■ Requirement: Would you reproduce each line below exactly, leaving every picture out?

■ Dataset excerpt:
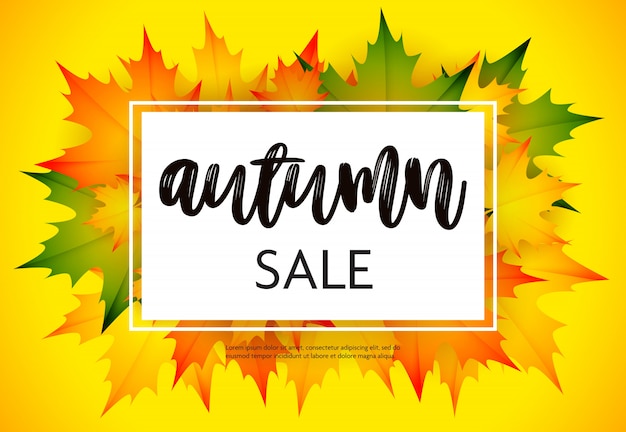 Autumn sale flyer with yellow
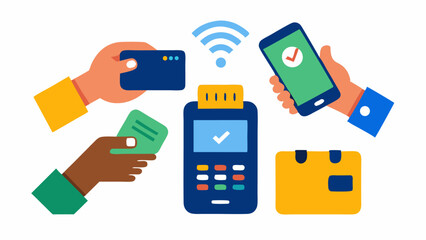 Fototapeta premium Hands of people from different backgrounds making wireless payments with credit cards ideal for e commerce and modern banking related designs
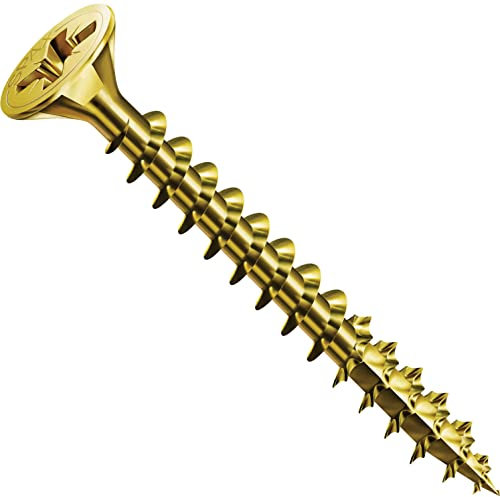 SPAX Screws Size 3.5mm x 45mm Flat Countersunk Pozi Zinc Yellow Passivated - 1 Box Pack (200 Pieces)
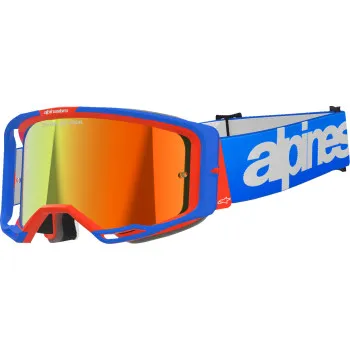 Alpinestars Blue Orange White Fluorescent Yellow Adult Vision 8 Wordmark Goggle Single Red Silver 2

■ Answer to this exercise:
 Autumn sale flyer with yellow
 Fototapeta premium Hands of people from different backgrounds making wireless payments with credit cards ideal for e commerce and modern banking related designs
 SPAX Screws Size 3.5mm x 45mm Flat Countersunk Pozi Zinc Yellow Passivated - 1 Box Pack (200 Pieces)
 Alpinestars Blue Orange White Fluorescent Yellow Adult Vision 8 Wordmark Goggle Single Red Silver 2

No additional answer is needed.